◆ Aim of the task: Could you please reproduce the entries exactly, leaving out any pictures?

Brief descriptive captions
○ ○ ○ ○

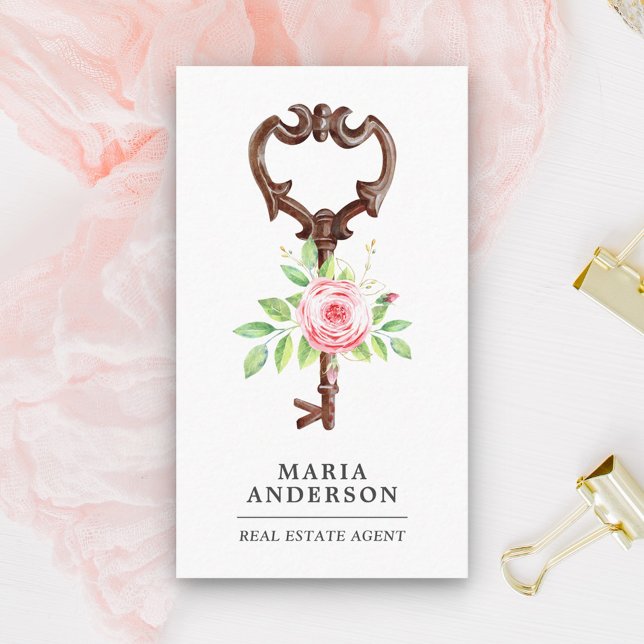 Blush Pink Floral Antique Key Real Estate Agent Business Card (Creator Uploaded)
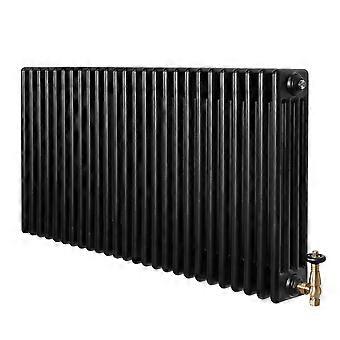 Traditional 4 Column Radiator 600mm x 1190mm & TRV Brass Valves Central Heating Heater Black Carbon
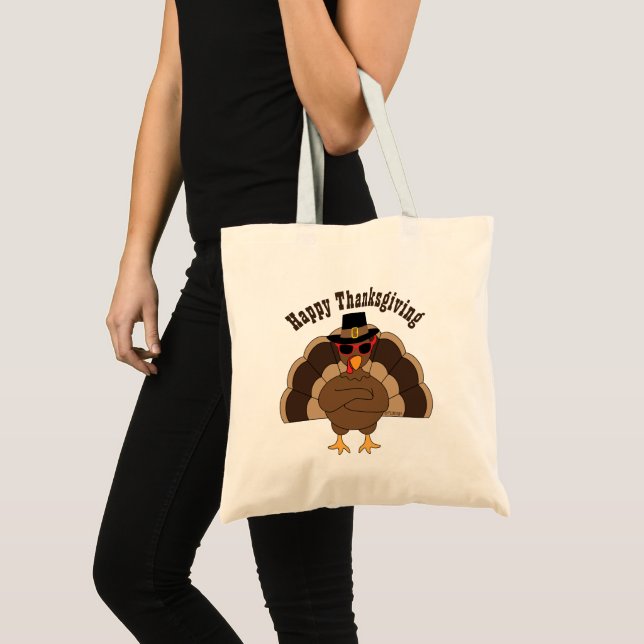 Cool Turkey with sunglasses Happy Thanksgiving Tote Bag (Front (Product))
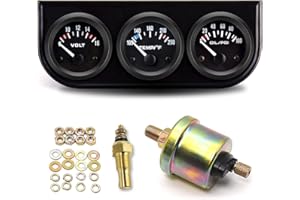 0769FUWU 3 in 1 Car Meter Auto Gauge Voltmeter Water Gauge Oil Press Gauge 2" Chrome Voltage Gauge Water Temp Gauge Oil Pressure Sensor 12V 52mm Triple Gauge Kit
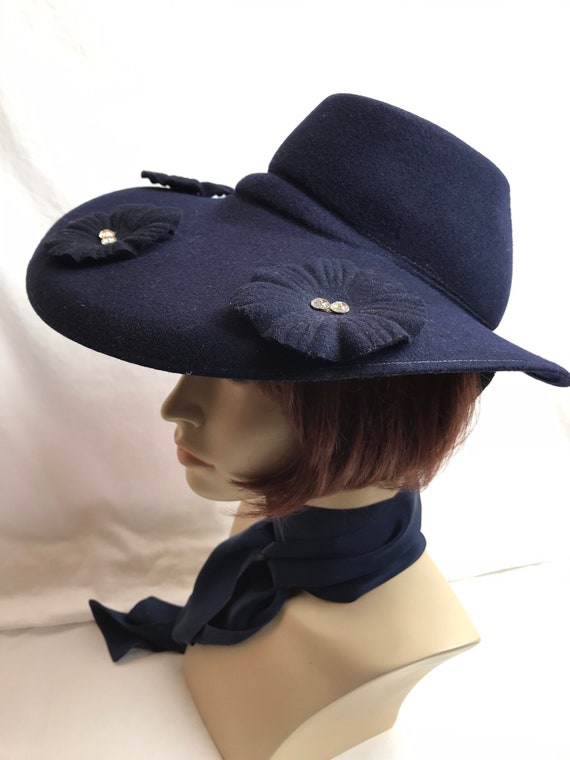 40’s wide brim hat navy blue felt~ pinup style ww… - image 3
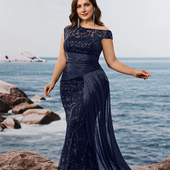 Dress 欧美大码 4XL Sequin Party 酒会晚宴礼服妈妈礼服Plus Size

○ ○ ○ ○

◆ Finished task:
 Blush Pink Floral Antique Key Real Estate Agent Business Card (Creator Uploaded)
 Traditional 4 Column Radiator 600mm x 1190mm & TRV Brass Valves Central Heating Heater Black Carbon
 Cool Turkey with sunglasses Happy Thanksgiving Tote Bag (Front (Product))
 0769FUWU 3 in 1 Car Meter Auto Gauge Voltmeter Water Gauge Oil Press Gauge 2" Chrome Voltage Gauge Water Temp Gauge Oil Pressure Sensor 12V 52mm Triple Gauge Kit
 40’s wide brim hat navy blue felt~ pinup style ww… - image 3
 Dress 欧美大码 4XL Sequin Party 酒会晚宴礼服妈妈礼服Plus Size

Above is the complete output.